White House Budget Director Mick Mulvaney defended proposed cuts to food-aid programs Thursday by arguing that there's scant proof they really work.

Mulvaney sparked accusations of callousness and hypocrisy in his defense of President Donald Trump's proposed $1.15 trillion budget when he said after-school programs that feed hungry kids don't have proven impact.

"They're supposed to help kids who don't get fed at home get fed so they do better at school," Mulvaney told reporters at the daily White House press briefing.

"Guess what? There's no demonstrable evidence they're actually doing that," he said. "There's no demonstrable evidence they're actually helping results, they're actually helping kids do better in school."

The director was similarly bullish on Meals on Wheels, which feeds the homebound elderly and infirm through Community Development Block Grants awarded by the federal Housing and Urban Development department to the states.

"The CDBG's have been identified as programs since, I believe, the second Bush administration as ones that were just not showing any results," Mulvaney said. 

He continued:

"We can't do that anymore. We can't spend money on programs just because they sound good. And great — Meals on Wheels sounds great. Again, that's a state decision to fund that particular portion of it. I can't defend that anymore. We cannot defend that anymore. We're $20 trillion in debt. We're going to spend money. We're going to spend a lot of money. But we're not going to spend it on programs that cannot show that they actually deliver the promises that we've made to people."

Citing the Meals on Wheels organization, CNN reported Thursday that "roughly one in six senior citizens in the country struggles with hunger, and the organization served 219.4 million meals in 2015."

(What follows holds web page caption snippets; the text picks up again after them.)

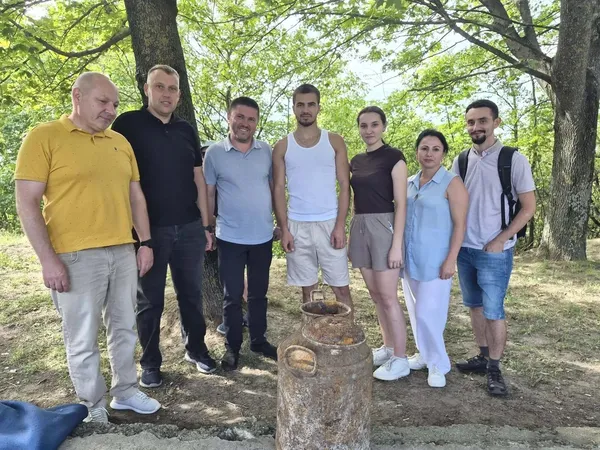Перечепився за дріт у лісі: на Прикарпатті знайшли бідон із секретним архівом ОУН (фото)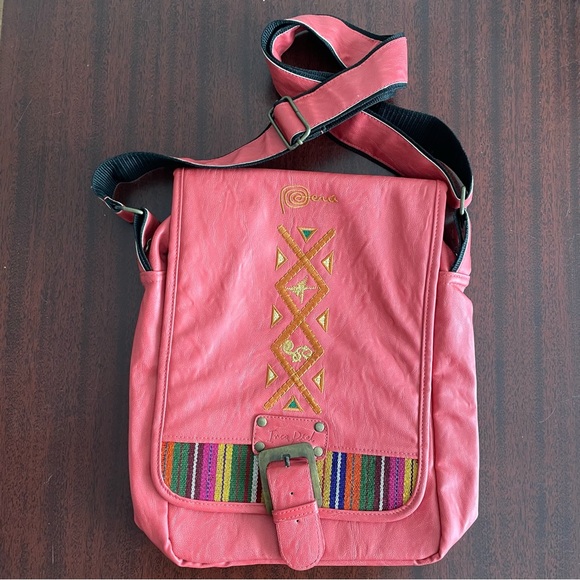 NWOT Peña Inca Piel Red Embroidered Crossbody Bag - Picture 1 of 13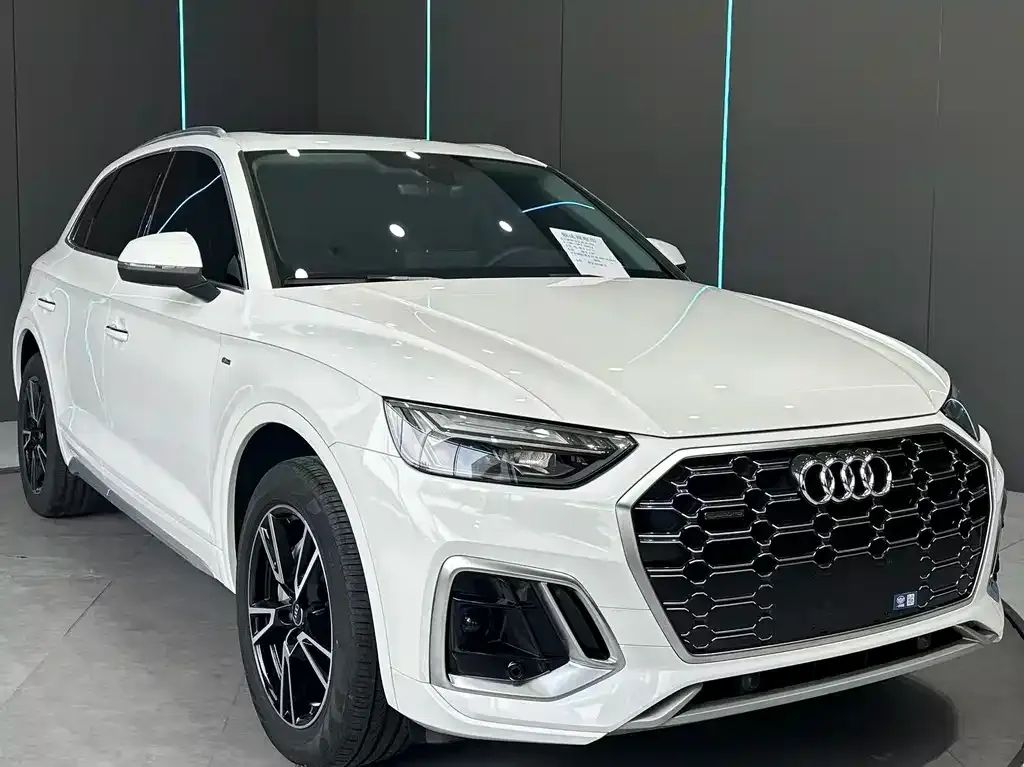 Audi Q5L 2023 из CN, фото 3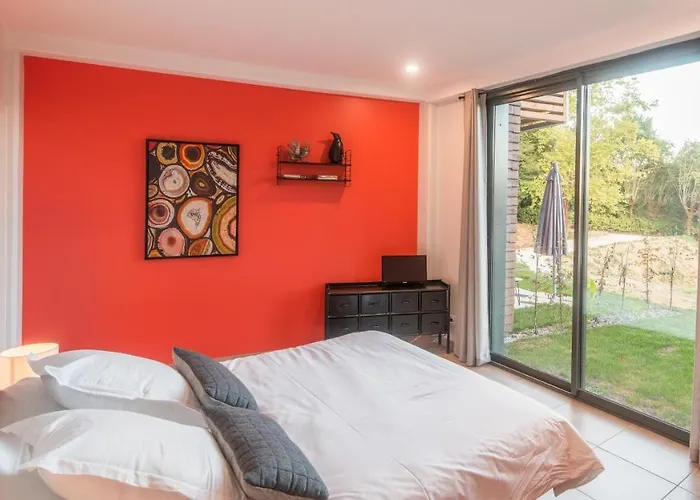 Plein Soleil Avec Jacuzzi Privatif Et Parking Prive Apartment Sarlat-la-Caneda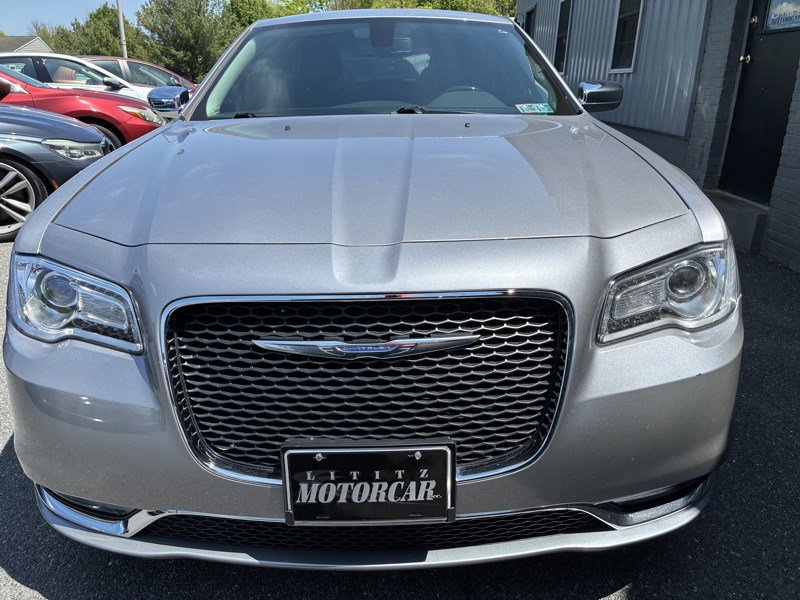 Used 2018 Chrysler 300 Limited AWD/4WD image 2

The proposed Trump budget, as the New York Times noted, would slash spending on before- and after-school programs, along with summer programs, while including "a $1.4 billion increase for public and private school choice programs."

People on Twitter lit up in rage after Mulvaney's remarks, which included promises that the administration would "absolutely" make good on its promises to cut funding to the United Nations and foreign aid programs.

Much of the anger focused on the contrast between Trump's famously lavish lifestyle and his plans to curb spending that helps the poor.

"We can't ask the public to pay for Meals on Wheels, after-school programs that provide food to poor kids, or WIC," one tweet said as a caption to a photo of the Trumps sitting down to a luxurious meal.

Twitter lit up with harsh critiques of the proposal:

"To whoever decided cutting the programs that feed children after school was a good idea, you know you're a monster right?" demanded one critic.

From his @POTUS account on Twitter, Trump took a different view of the budget Thursday afternoon, linking followers to the budget blueprint with a vow: "We will rebuild our MILITARY. We will keep our people SAFE. We will take care of our VETS. We will put #AmericaFirst."

Correction: March 17, 2017 
An earlier version of this story misstated the day Mulvaney made the comments. He made them at a press briefing on Thursday.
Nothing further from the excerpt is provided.